- Elon Musk (left) converses with Homer (right)
- Episode no.: Season 26 Episode 12
- Directed by: Matthew Nastuk
- Written by: Neil Campbell
- Production code: TABF04
- Original air date: January 25, 2015

Guest appearance
- Elon Musk as himself;

Episode chronology
| ← Previous "Bart's New Friend" | Next → "Walking Big & Tall" |
- The Simpsons season 26

= The Musk Who Fell to Earth =

"The Musk Who Fell to Earth" is the twelfth episode of the twenty-sixth season of the American animated television series The Simpsons, and the 564th overall episode of the series. The episode was directed by Matthew Nastuk and written by Neil Campbell. It first aired on the Fox network in the United States on January 25, 2015.
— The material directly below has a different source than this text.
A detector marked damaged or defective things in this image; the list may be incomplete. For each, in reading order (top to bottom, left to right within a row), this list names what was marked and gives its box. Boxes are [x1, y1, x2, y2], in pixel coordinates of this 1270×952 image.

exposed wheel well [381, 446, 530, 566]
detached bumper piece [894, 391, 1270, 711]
In this episode, Elon Musk comes to Springfield and convinces Mr. Burns to build a new power plant. When he learns it is losing money, Burns seeks revenge. Elon Musk guest starred as himself. While initial reviews were not positive, recent views on the episode have been overwhelmingly negative, with many ranking it as one of the worst episodes of the entire series, largely due to multiple controversies surrounding Musk in the years since its release.

==Plot==
Nuclear technician Homer Simpson captures a bald eagle that destroyed the family's birdhouse and took his infant daughter Maggie, with the help of his son Bart and wife Marge. When he is about to kill it, his daughter Lisa advises that they nurse it back to health, which Homer agrees to do. When it is healed, they set it free, but it is killed by the flames produced by entrepreneur Elon Musk's (himself) spacecraft, which lands in the Simpsons' backyard. After Lisa introduces him to the Simpson family—who have no idea who he is—Musk asserts that he came to the Simpsons' hometown, Springfield, in search of inspiration for his work; Homer befriends him, and shows him the nuclear plant, his workplace. Homer's boss Mr. Burns (Harry Shearer) is impressed by Musk's cost-cutting inventions, and attempts to hire him, but Musk declines any payment for his help.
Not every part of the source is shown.